**Information supplied:**
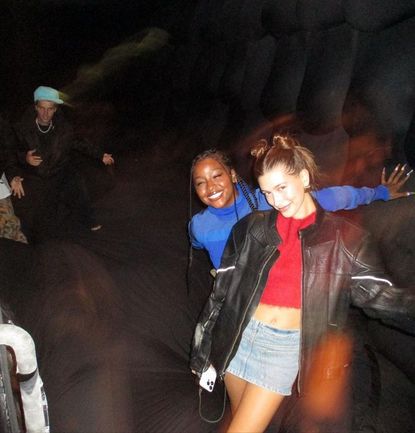 Two women posing with smiles, one with her arm around the other, in a dim, blurred setting with Justin Bieber in the background.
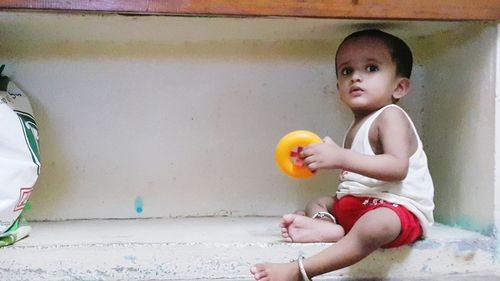 Portrait of cute boy sitting on wall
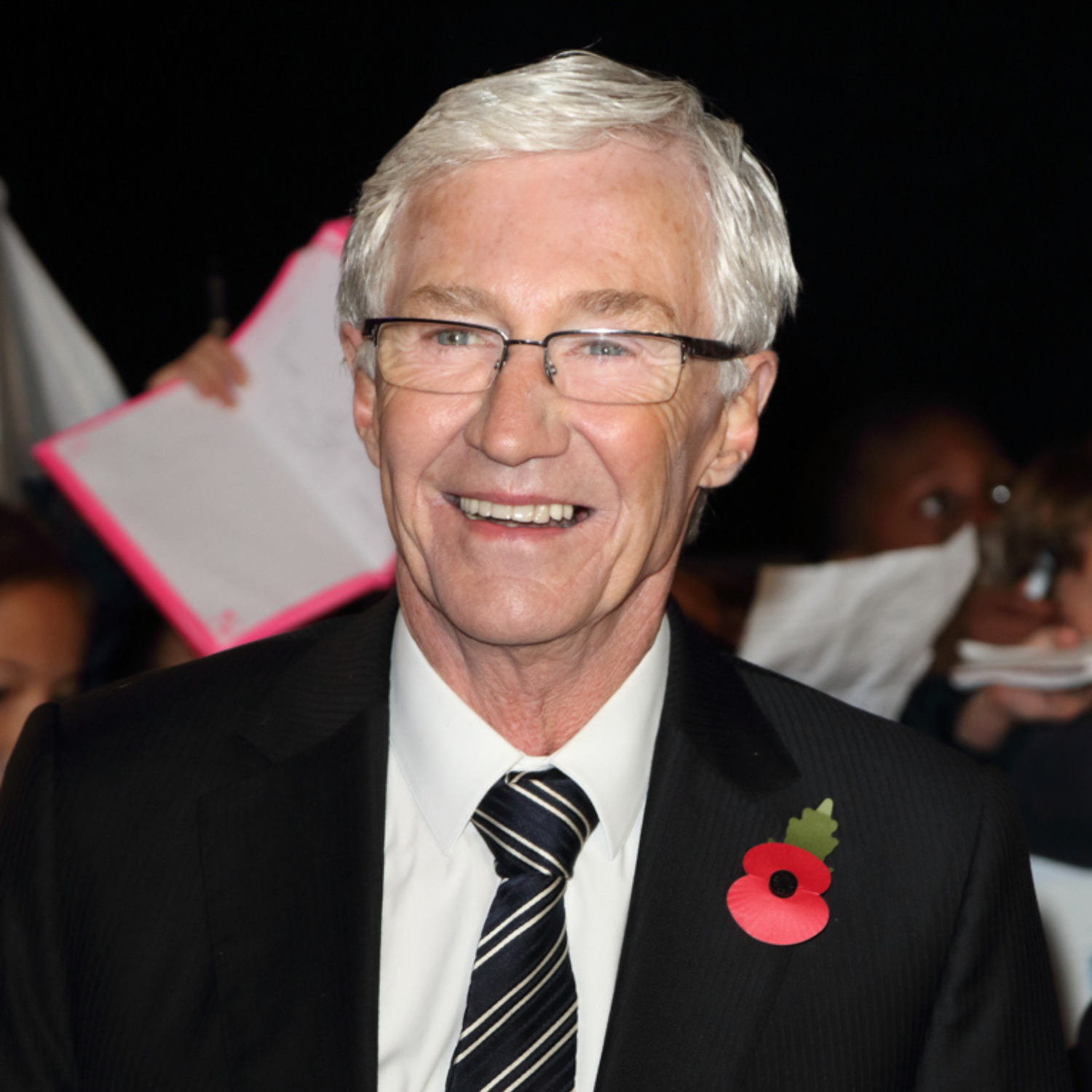Paul O'Grady poses for photos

**Exercise:** What you return must match, line for line, the span from the line containing "Portrait of cute boy sitting on wall" through the last line of the listing above, with every picture omitted.

**Your solution:**
 Portrait of cute boy sitting on wall
Paul O'Grady poses for photos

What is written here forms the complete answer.